%%
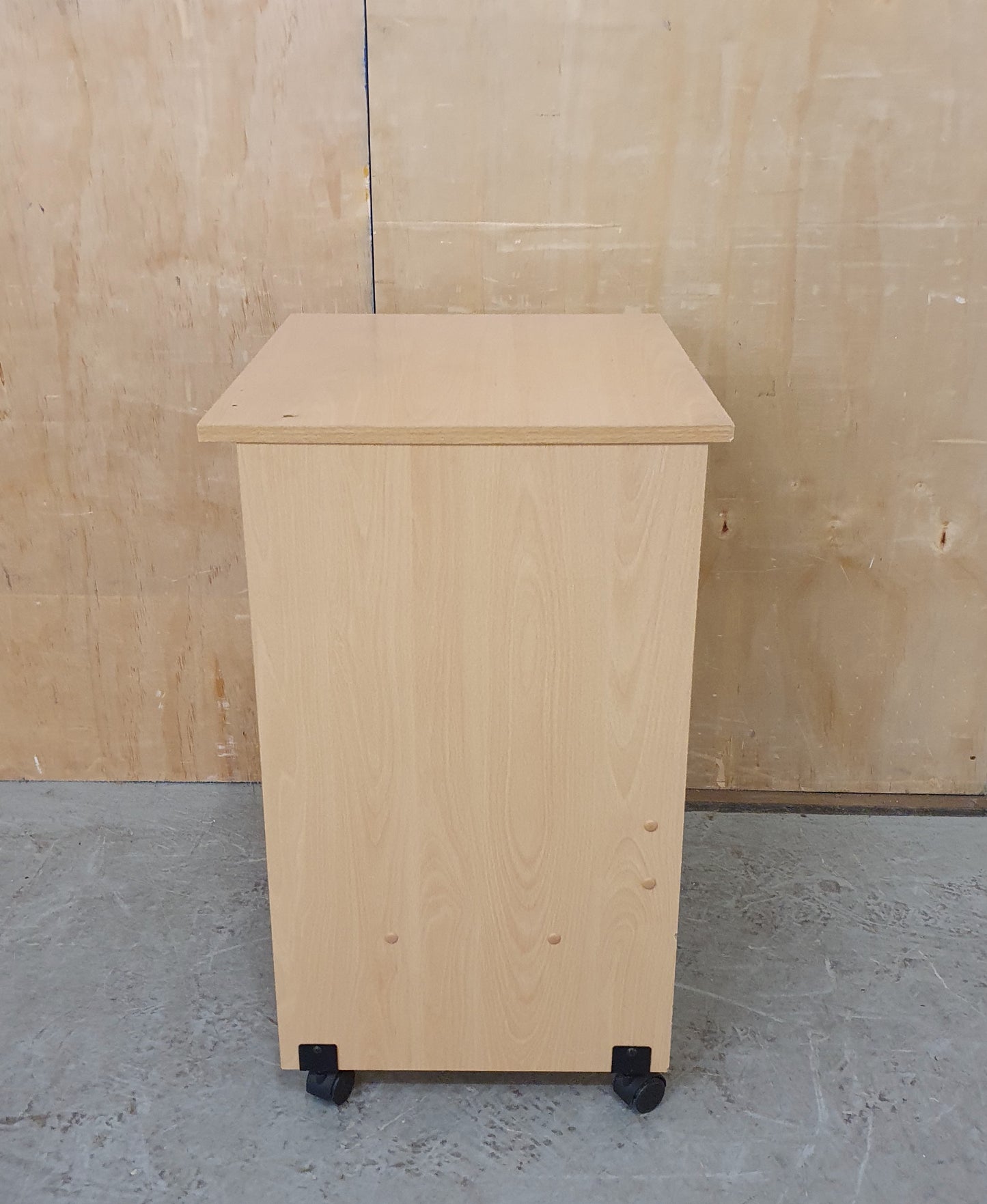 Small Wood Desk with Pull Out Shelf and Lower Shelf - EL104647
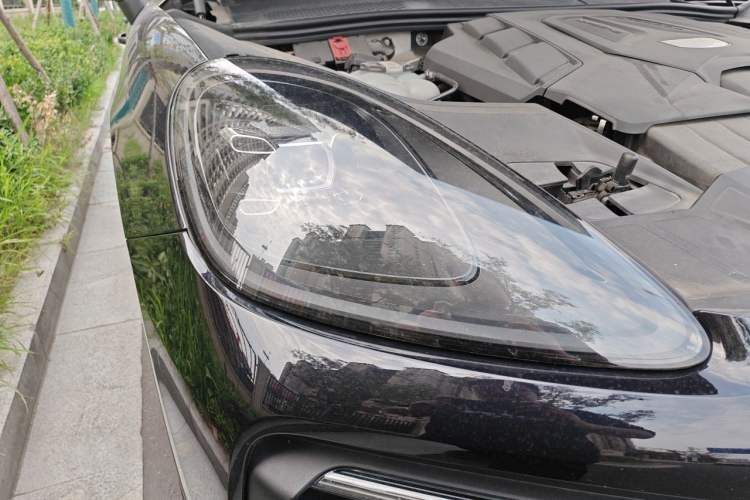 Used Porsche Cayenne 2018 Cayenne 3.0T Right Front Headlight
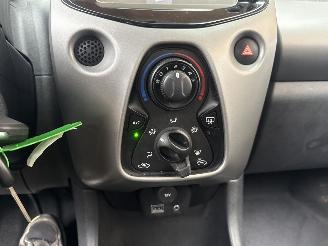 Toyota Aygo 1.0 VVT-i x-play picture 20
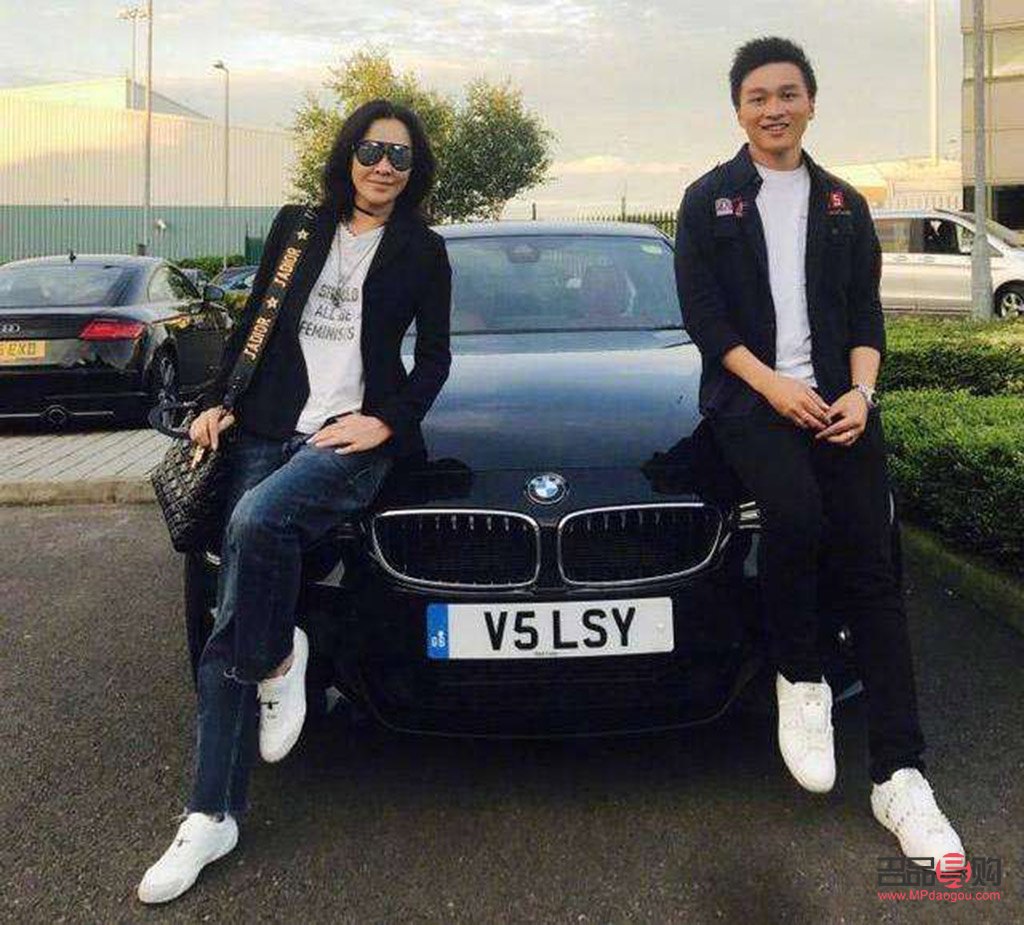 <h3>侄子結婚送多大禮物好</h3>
%%
Everything from the line containing "Toyota Aygo 1.0 VVT-i x-play picture 20" through the final line of the material must be set down exactly, except the pictures.

 Toyota Aygo 1.0 VVT-i x-play picture 20
 <h3>侄子結婚送多大禮物好</h3>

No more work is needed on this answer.